連載 第49回「見桃寺のこと【2】」 三浦の咄(はなし)いろいろ みうら観光ボランティアガイド 田中健介
「見桃寺の開基(創立した人)は、向井兵庫守政綱で、創建されたのは天正年間(1573年〜91年)である旨は、前回に記しました。
その向井氏の発祥の地は「紀伊国(現在の和歌山県と三重県の一部)の尾鷲」とする説や「伊賀国(現在の三重県)向庄」とする説などがあります。『史料が語る 向井水軍とその周辺』(鈴木かほる著)によりますと「現在の三重県亀山市加太向井である。」としています。政綱の父、正重(まさしげ)は今川氏を経て、武田氏に帰属したというのです。その正重は帰属後の七カ月の後ち、軍船の新造に取り掛かったと言うのです。
武田水軍の知行地は、今川氏の旧領地の駿河、遠江の内にあり、筆頭は小浜景隆の二十六カ所で、向井氏は十八カ所を知行(支配すること)していたのです。
天正三(1575)年、徳川勢が駿河の蒲原(かんばら)、江尻を攻めたとき、武田水軍の小浜景隆、向井正重等は、その地を死守し、武田勝頼から感謝状を受けています。天正七年、徳川勢は武田水軍の拠点である駿河の用宗(もちむね)城を攻めたとき、向井正重は養子の政勝と共に自害しています。
武田勝頼死後の翌年、天正十一(1583)年に徳川氏に仕官し、小牧、長久手の戦や小田原攻めに参加しています。
徳川家康は、水軍の本拠地として、江戸の内海に当たる、上総(かずさ)の富津(ふっつ)、五井と相模の三浦三崎を定めたのです。
天正十八(1590)年九月、小浜景隆・間宮高則・千賀重親及び向井政綱を「三崎四人衆」として江戸の内海関門の警備に当たらせました。時に政綱35歳、嫡子(ちゃくし)忠勝9歳の時でした。
おもしろいことに、「中世の海上での武力の行使者は、東海、関東においては、ほぼ『海賊衆』として現れる。」(鈴木かほる著『史料が語る 向井水軍とその周辺』)とあり、その後、「船手」の呼称となったと言うのです。
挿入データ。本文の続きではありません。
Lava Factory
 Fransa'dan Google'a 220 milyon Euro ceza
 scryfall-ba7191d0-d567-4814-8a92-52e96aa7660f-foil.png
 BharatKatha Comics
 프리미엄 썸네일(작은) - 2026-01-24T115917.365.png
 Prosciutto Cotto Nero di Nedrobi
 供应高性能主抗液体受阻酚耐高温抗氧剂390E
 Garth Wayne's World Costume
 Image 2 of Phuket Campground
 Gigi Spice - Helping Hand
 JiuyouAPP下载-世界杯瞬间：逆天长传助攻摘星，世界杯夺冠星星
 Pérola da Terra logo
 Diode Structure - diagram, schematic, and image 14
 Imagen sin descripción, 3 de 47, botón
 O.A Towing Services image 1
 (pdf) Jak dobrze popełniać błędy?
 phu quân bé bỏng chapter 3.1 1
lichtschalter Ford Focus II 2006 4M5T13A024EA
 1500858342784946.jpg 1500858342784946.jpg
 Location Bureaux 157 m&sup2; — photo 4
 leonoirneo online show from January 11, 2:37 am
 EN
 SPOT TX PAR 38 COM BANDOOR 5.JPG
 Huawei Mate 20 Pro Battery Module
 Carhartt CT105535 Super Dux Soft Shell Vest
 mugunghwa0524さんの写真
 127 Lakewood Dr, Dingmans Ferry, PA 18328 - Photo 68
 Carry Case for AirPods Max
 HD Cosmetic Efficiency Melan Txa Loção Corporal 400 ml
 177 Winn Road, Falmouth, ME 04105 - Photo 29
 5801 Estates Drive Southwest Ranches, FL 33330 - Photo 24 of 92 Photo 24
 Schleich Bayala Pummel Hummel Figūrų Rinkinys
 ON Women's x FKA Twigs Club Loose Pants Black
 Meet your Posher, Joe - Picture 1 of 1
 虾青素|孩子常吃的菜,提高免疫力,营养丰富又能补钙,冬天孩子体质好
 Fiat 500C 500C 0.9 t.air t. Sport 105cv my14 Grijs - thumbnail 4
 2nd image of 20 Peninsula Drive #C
その中心が「船手頭(かしら)」です。
「見桃寺」に向井一族の墓があります。三浦市の文化財にも指定された立派なものです。
その墓は、「天慶玄龍」との法名をもつ、政綱をはじめ、政綱室(政綱妻)、忠勝、忠勝室、直宗、直宗室、直宗の子右衛門太郎の七名の墓碑です。
なお、『三崎志』に、「向井左近将監忠勝の碑」が、「宝蔵山ニアリ」として、銘文が載っています。